Vragen van de leden Kuiken (PvdA), Van Ojik (GroenLinks) en Leijten (SP) aan de Minister-President over het bericht «Statement of the Members of the European Council» (ingezonden 29 maart 2021).

Antwoord van Minister Blok (Buitenlandse Zaken), mede namens de Minister-President (ontvangen 20 april 2021).

Vraag 1

Bent u bekend met het bericht «Statement of the Members of the European Council» naar aanleiding van de Europese Raad van 25 maart jl.?1

Antwoord 1

Ja.

Vraag 2

Hoe rijmt u het besluit van de Europese Raad om de Raad van de Europese Unie te vragen te werken aan een mandaat voor de modernisering van de douane-unie met Turkije met uw uitspraken in het debat over de Europese Top op 24 maart jl. dat er «...geen besluiten voor bij de Europese Raad om de douane-unie te moderniseren...» liggen en dat de «... discussie hierover nog niet is gestart...»?2

Antwoord 2

Op 25 maart jl. bespraken de leden van de Europese Raad (ER) de EU-Turkije-relatie zoals overeengekomen tijdens de ER in december 2020. De leden van de ER legden in hun verklaring vast dat, mits de huidige de-escalatie wordt voortgezet en Turkije zich constructief opstelt, de Europese Unie bereid is om, in het kader van het positieve spoor, de samenwerking met Turkije op een aantal gebieden te intensiveren. Dit zal op een gefaseerde, proportionele en omkeerbare wijze gebeuren. De leden van de ER verklaarden tevens dat zij dan bereid zijn verdere besluiten te nemen tijdens de bijeenkomst van de ER in juni.

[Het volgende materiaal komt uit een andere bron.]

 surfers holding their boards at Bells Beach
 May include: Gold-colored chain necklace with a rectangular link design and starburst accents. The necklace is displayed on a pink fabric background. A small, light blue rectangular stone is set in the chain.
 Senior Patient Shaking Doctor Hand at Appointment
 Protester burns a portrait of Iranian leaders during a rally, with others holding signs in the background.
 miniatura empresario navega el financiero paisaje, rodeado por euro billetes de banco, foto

In dit kader verzochten de leden van de ER de Europese Commissie om de gesprekken met Turkije te intensiveren om de huidige problemen bij de uitvoering van de douane-unie aan te pakken zodat deze voor alle lidstaten doeltreffend wordt toegepast.

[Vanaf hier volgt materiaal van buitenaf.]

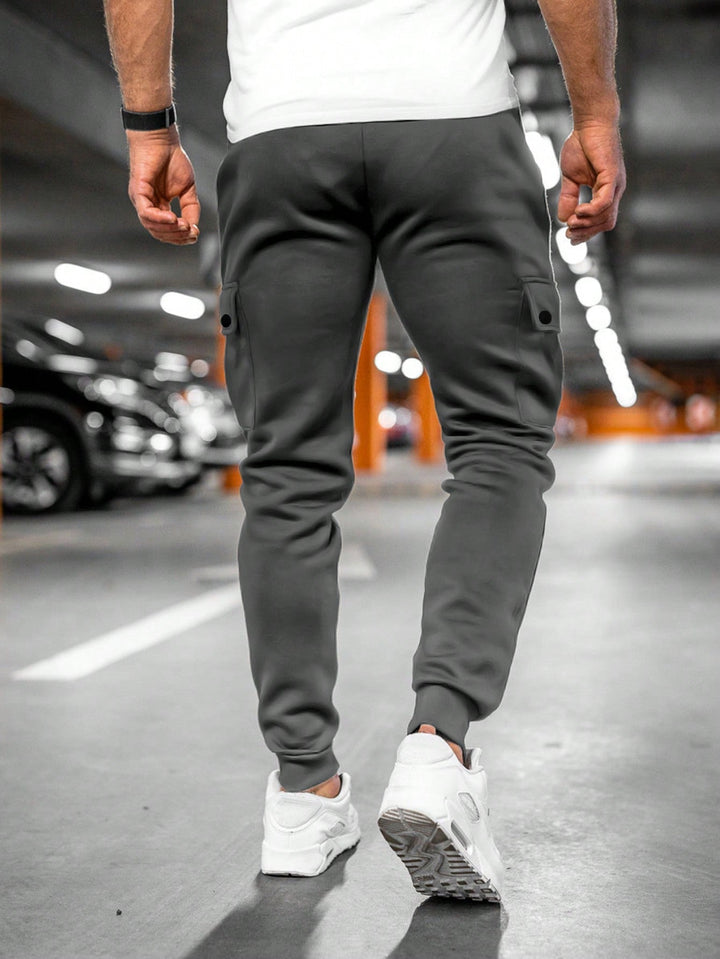 Tapered men's slim-fit joggers with a modern streetwear design, ensuring a sleek look.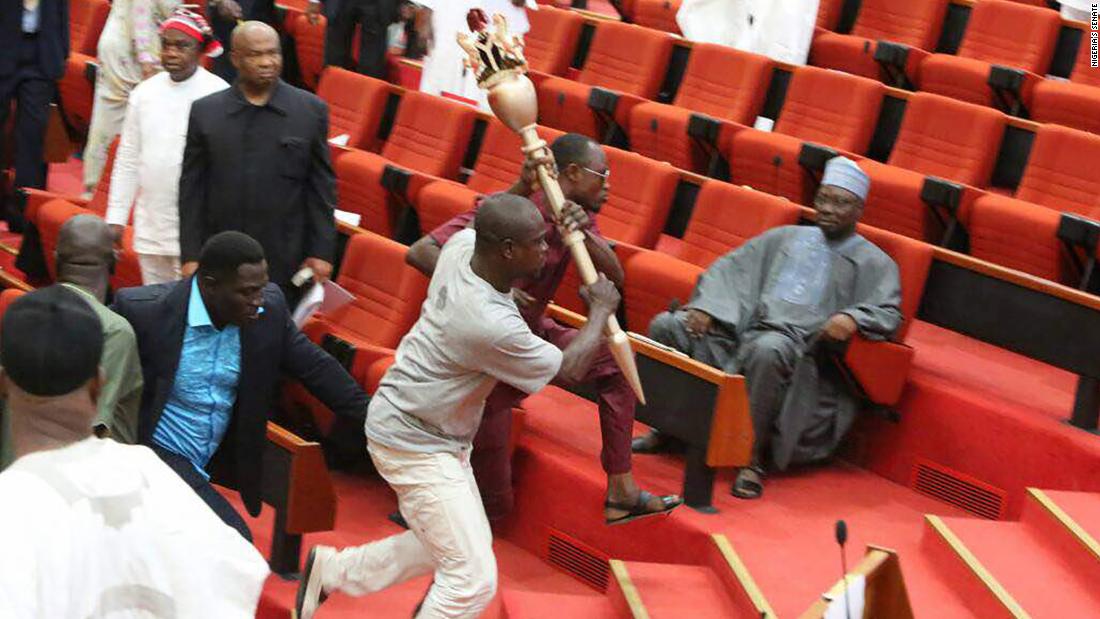 The intruders carrying Nigeria parliament's mace away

Tegelijkertijd heeft de ER het verzoek aan de Raad gedaan om aan een mandaat voor modernisering van de douane-unie te werken. Deze discussie zal nu aanvangen i.h.k.v. het positieve spoor dat de ER in oktober 2020 overeenkwam en dus op de uitdrukkelijke voorwaarde dat de huidige de-escalatie wordt voortgezet en Turkije zich constructief opstelt. Zoals de Minister-President in het debat over de Europese Top ook heeft aangegeven heeft de ER niet besloten om de douane-unie te moderniseren. De gesprekken over het mandaat moeten nog beginnen. Dit mandaat mag t.z.t. door de Raad eerst worden vastgesteld op basis van aanvullende richtsnoeren van de ER.

Vraag 3

Wat is er volgens u in positieve zin veranderd sinds de Raadsconclusies uit juni 2018 waarin de positie werd vastgesteld dat de douane-unie met Turkije alleen kan worden gemoderniseerd mits er verbeteringen op het gebied van mensenrechten plaatsvinden?3

Antwoord 3

De Raad concludeerde in juni 2018 dat Turkije zich verder verwijderd had van de EU. De Raad concludeerde dat de toetredingsonderhandelingen met Turkije effectief tot stilstand gekomen waren, er geen nieuwe hoofdstukken geopend of gesloten konden worden en geen verder werk t.a.v. de modernisering van de douane-unie voorzien zou zijn. Deze conclusie herhaalde de Raad in 2019 opnieuw.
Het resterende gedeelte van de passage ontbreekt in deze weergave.